• [Records supplied]:
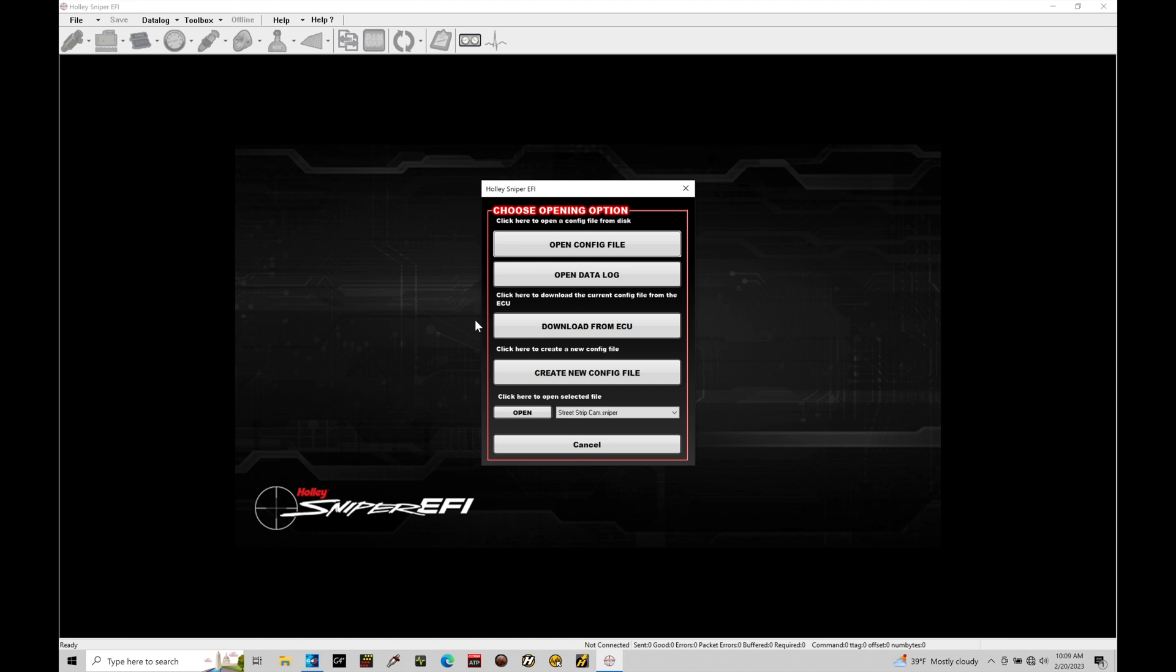You're going to need that for the base Sniper systems. Anybody with a Super Sniper should have that USB cable already included in their kit from Holley because they intend that you have to go and communicate with the laptop to use some of the advanced programming functions of our Super Sniper systems. So either way, you're going to need that USB cable.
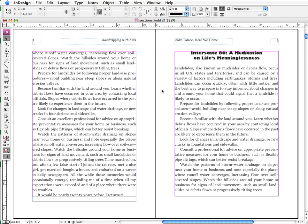So here in InDesign for example, if I start out with my black arrow selection tool and I want to change to my white arrow direct selection tool, I can simply press the letter A, and that's the keyboard shortcut for my direct selection tool.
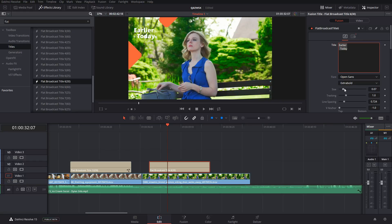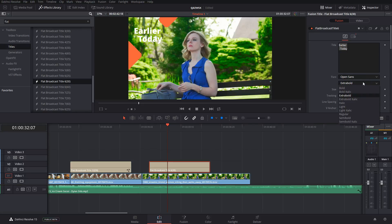Once we have the title in here, we can change the size and the font type.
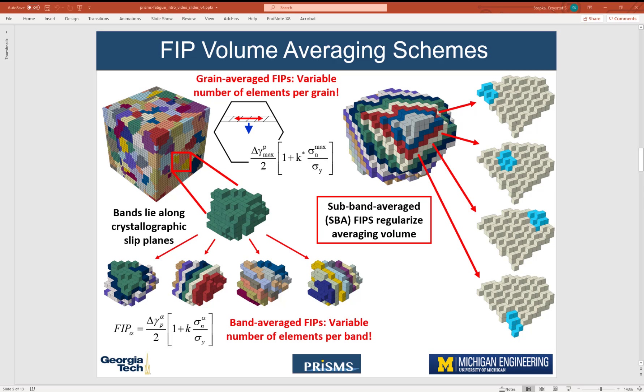Welcome back. In this video, we will discuss the volume average FIPS.py scheme.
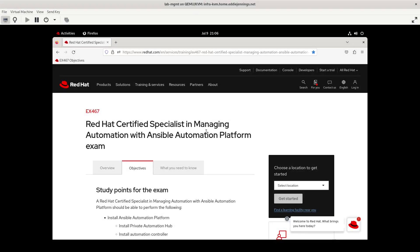Hello and welcome back to the channel. My name is Eddie Jennings from ejsllc.com. This video is another in my practice session series for the EX467 Red Hat exam for Red Hat Certified Specialists in Managing Automation with Ansible Automation Platform.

• [What is expected]: Print the material again word for word. Please drop every picture.

• [Response]:
You're going to need that for the base Sniper systems. Anybody with a Super Sniper should have that USB cable already included in their kit from Holley because they intend that you have to go and communicate with the laptop to use some of the advanced programming functions of our Super Sniper systems. So either way, you're going to need that USB cable.
So here in InDesign for example, if I start out with my black arrow selection tool and I want to change to my white arrow direct selection tool, I can simply press the letter A, and that's the keyboard shortcut for my direct selection tool.
Once we have the title in here, we can change the size and the font type.
Welcome back. In this video, we will discuss the volume average FIPS.py scheme.
Hello and welcome back to the channel. My name is Eddie Jennings from ejsllc.com. This video is another in my practice session series for the EX467 Red Hat exam for Red Hat Certified Specialists in Managing Automation with Ansible Automation Platform.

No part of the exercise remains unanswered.